É louvável a adoção de uma política de busca pelos estudantes evadidos e pelos que abandonaram a escola, oferecendo-lhes condições de retomada do trabalho pedagógico que lhes garanta a conquista de aprendizagens. Igualmente necessária é a recomposição das aprendizagens de todos os que apresentarem necessidades de aprendizagem, sem o estigma da “recuperação”, mas com o objetivo de continuidade de estudos.

O GEPA encontrou outras fragilidades no decreto, como veremos. 

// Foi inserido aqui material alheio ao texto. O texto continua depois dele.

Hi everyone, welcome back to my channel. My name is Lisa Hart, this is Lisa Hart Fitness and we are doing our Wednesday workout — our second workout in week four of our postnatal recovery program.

– Aponta como um dos princípios da Política Nacional para Recuperação das Aprendizagens o “aprimoramento das formações inicial e continuada dos profissionais da educação básica, com vistas a orientar o uso de tecnologias para melhoria dos processos de ensino de ensino e aprendizagem” (Art. 3º, VII). Por que a referência apenas ao uso de tecnologias? Somente elas merecem ser aprimoradas? Este termo e o da inclusão digital são várias vezes utilizados. Por que tanta ênfase? Estranhamente não é previsto o “aprimoramento” da formação inicial e a continuada dos profissionais de educação com vistas ao fortalecimento das aprendizagens de todos os estudantes, que deveria ser o alvo da política.

– Inexistência de articulação da “recuperação” de aprendizagens ao processo avaliativo escolar. Esta é uma grande fragilidade do decreto, que a trata de maneira isolada.

– Referência a “métodos de avaliação” (Capítulo V, eixo III, a). O que seriam esses métodos? Quais seriam?

– Capítulo V, eixo 4 – formação prática de docentes e de outros profissionais da educação, com o objetivo de difundir capacitação para aplicação das metas curriculares nacionais e capacitação de recursos e tecnologias educacionais propostos no âmbito da Política – redação confusa e incompreensível. O que significa “formação prática”? O que se quer dizer com “difundir capacitação?

– Capítulo V, art. 7º, III, eixo 3 – atenção individualizada aos discentes e às suas famílias, com o objetivo de: b) “aplicar avaliações diagnósticas e formativas a docentes e a gestores educacionais, com vistas ao acompanhamento de cada discente”. Objetivo com redação incompreensível. Observação: o MEC possui uma plataforma de avaliações diagnósticas e formativas, voltada para a aplicação de provas a estudantes da educação básica.

Entendemos que a expressão “recuperação das aprendizagens” não contribui para o alcance dos propósitos almejados pelo documento. Neste ano de retorno às aulas presenciais e de recomposição do trabalho pedagógico, as escolas necessitam de apoio para o desenvolvimento de intervenções pedagógicas contínuas, que garantam a inclusão de todos os estudantes no processo de aprendizagem. O decreto refere-se apenas às situações de evasão e abandono escolar. As não-aprendizagens são evidenciadas no dia-a-dia escolar, por todos os estudantes, que necessitam de apoio para que não se tornem evadidos nem abandonem os estudos.   

Pareceu-nos que a política assumida pelo governo federal tem mais interesse em alinhar-se a grupos e organismos nacionais e internacionais do que em oferecer meios para as escolas de educação básica atuarem com qualidade social.  

Finalmente, o decreto assume compromisso com a instituição do Ecossitema de Inovação e Soluções Digitais, sob a gestão do MEC, e com a instituição do Observatório Nacional de Monitoramento do Acesso e Permanência na Educação Básica e com a Rede de Inovação para a Educação Híbrida, com a “finalidade de apoiar a implementação de novas formas de oferta para os processos de ensino e aprendizagem”.

Tudo isso em ano eleitoral e sem que se indiquem as fontes de recurso. Na semana em que o decreto foi assinado houve um drástico corte de recursos financeiros para o setor educacional. Não vislumbramos dias melhores para a educação.  

Referência

LUCKESI, Cipriano Carlos. Avaliação da aprendizagem: componente do ato pedagógico. SP: Cortez, 2011.